Well, I thought having a worker be version 4.6.2 and master being 4.6.0 was causing this issue with jobs not running but the issue persists. What other debug can I provide?

The job/log shows:

Unable to forward this request at this time. This request could not be forwarded to the origin server or to any parent caches. Some possible problems are: Internet connection needed to access this domains origin servers may be down.  All configured parent caches may be currently unreachable.  The administrator may not allow this cache to make direct connections to origin servers.

cryosparc_tools.cryosparc.errors.CommandError: *** (http://cryoem8.ouruni.edu:39002, code 500) Encounted error from JSONRPC function "system.describe" with params ()

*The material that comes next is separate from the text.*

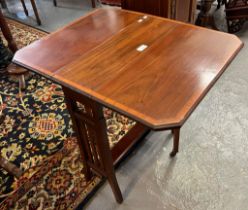 Edwardian mahogany inlaid Sutherland table together with an Edwardian mahogany inlaid tile top pot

Could that job have been started on on a worker node that did not have necessary no_proxy setting? On that particular worker node, what is the output of the commands

uname -a
/path/to/cryosparc_worker/bin/cryosparcw call curl http://cryoem8.ouruni.edu:39002
/path/to/cryosparc_worker/bin/cryosparcw env | grep -i proxy

Well I thought I set it via the export command. I’ll add it to config.sh and use the --update option.

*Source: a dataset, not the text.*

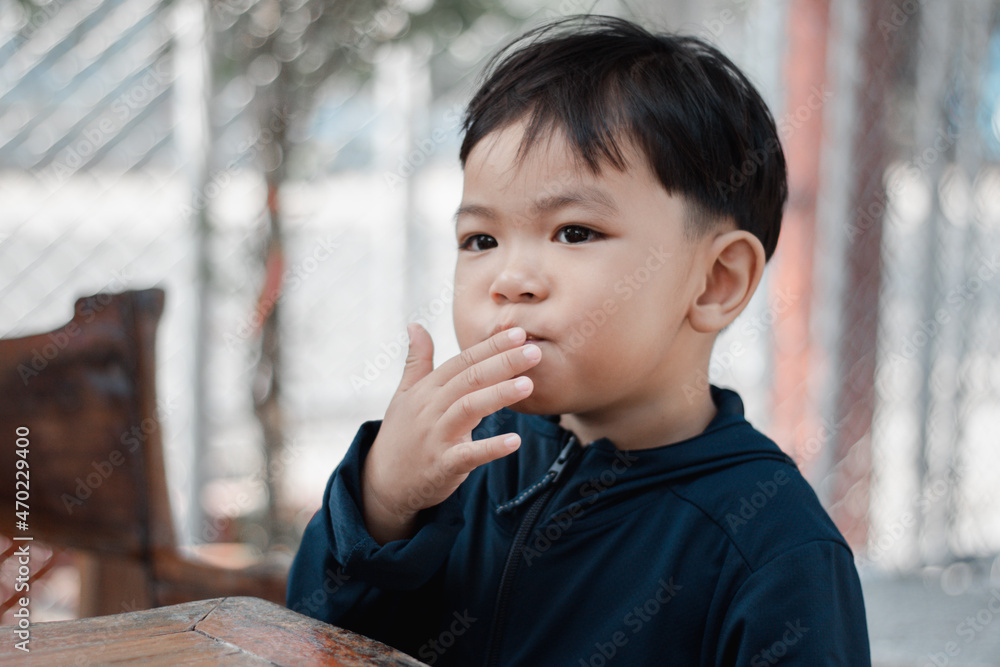 boy eating bread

When I log in the variable is definitely not set:

 ./cryosparcw call curl http://cryoem8.ourdomain.edu:39002

<html><head>
<meta type="copyright" content="Copyright (C) 1996-2017 The Squid Software Foundation and contributors">
<meta http-equiv="Content-Type" content="text/html; charset=utf-8">
<title>ERROR: The requested URL could not be retrieved</title>
[snip...]

After running:

export no_proxy=localhost,::1,127.0.0.1,${CRYOSPARC_MASTER_HOSTNAME},.ourdomain.edu

$ ./cryosparcw call curl http://cryoem8.ourdomain.edu:39002
Hello World from cryosparc command core.

If you are referring to cryosparcw connect --update:
Another run of cryosparcw connect [..] --update should not be needed if you only changed
the contents of cryosparc_worker/config.sh and there were no other changes, such as a changed absolute path to the cryosparc_worker/ directory.